Saat menyaksikan kongres PDIP baru-baru ini, saya sungguh nyata melihat bagaimana wibawa pecalang berbaju merah berlambang PDIP, dilengkapi dengan kain merah hitam berlogo PDIP, keris dipunggung dan handy talkie (HT) jelas menampakkan kegagahannya. Mereka bergerombol diperempatan jalan menuju kongres, mengatur massa dan meneriaki massa yang bandel. Sementara polisi berada dibelakang mereka.Perintah pecalanglah yang didengar oleh massa, sementara polisi selalu menerima cibiran. Saat bentrok antar massa Megawati dengan pembaharuan di tubuh PDIP, semua kelompok menurunkan satgas dan pecalangnya masing-masing.
Pasca kongres yang kembali mengukuhkan Megawati sebagai ketua umum PDIP, semakin mengentalkan bahwa Bali adalah basis massa kuat PDIP. Bukan hanya kesuksesan PDIP yang kemudian memborong semua jabatan penting di kabupaten (Bupati) dan Walikota di Bali—disamping mayoritas anggota DPRD Bali, kabupaten dan kota dari kader PDIP—,tapi naik daunnya pecalang membawa wacana penting dalam politik kebudayaan Bali. Pecalang menjadi kata sakti dan jaminan keamanan Bali. Serta merta setelah melihat keberhasilan pecalang dalam mengamankan kongres PDIP I dan kembali diulangi pada kongres ke-II, desa-desa adat seluruh Bali seperti keranjingan membuat satuan-satuan pecalang. Lebih daripada itu, pecalang bahkan dibuatkan posko, dibelikan peralatan lengkap dalam tugas, bahkan disediakan mobil patroli oleh desa adat. Pecalang juga bertugas melakukan patroli keamanan desa. Dalam wilayah kekuasaan desa adat, toko-toko diwajibkan menyumbang untuk dana jaga baya (uang keamanan) untuk operasi satuan pengamanan tradisional ini. Pecalangpun menjadi tenaga keamanan dalam razia penduduk pendatang, sweeping, bahkan untuk menjaga pesta perkawinan dan konser-konser musik.
Awal munculnya pecalang untuk kepentingan (politik) pengamanan kongres ternyata berbuah manis. Pecalang menjadi berkembang tugasnya dalam banyak sisi.
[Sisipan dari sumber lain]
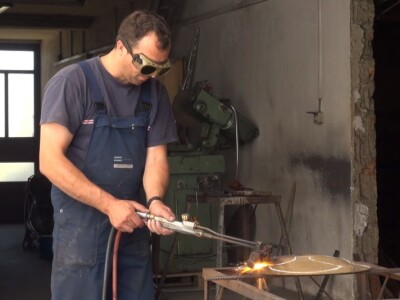 Kovanje motika je zahtjevan posao, no ide dobro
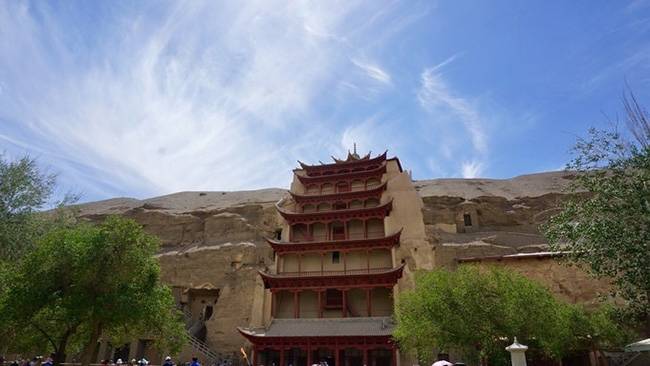 来了之后发现一切都是多余的,张掖丹霞地貌群,俗称"张掖丹霞",由"七彩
Lalu bagaimana tugas pecalang secara adat? Para penekun adat pernah menyatakan bahwa tugas pecalang adalah untuk mengamankan pelaksanaan upacara adat didesanya. Selain pecalang, dulu ada istilah sikep, dolap untuk pengamanan adat ini. Tapi kini, maraknya pecalang melakukan razia juga mendapat pembenar; pecalang bertugas untuk menjaga adat dan budaya Bali dari pengaruh luar. Pecalang adat dan politik akhirnya bergulat dalam kepentingan yang sama, bagaimana mempertahankan dan menjaga kebudayaan Bali dari pengaruh luar. Dengan kehadiran pecalang dalam wacana Ajeg Bali, adalah sebagai sistem pengamanan penting untuk menguatkan, mengokohkan dan yang terpenting menjaga kebudayaan Bali tetap lestari, indah dan damai.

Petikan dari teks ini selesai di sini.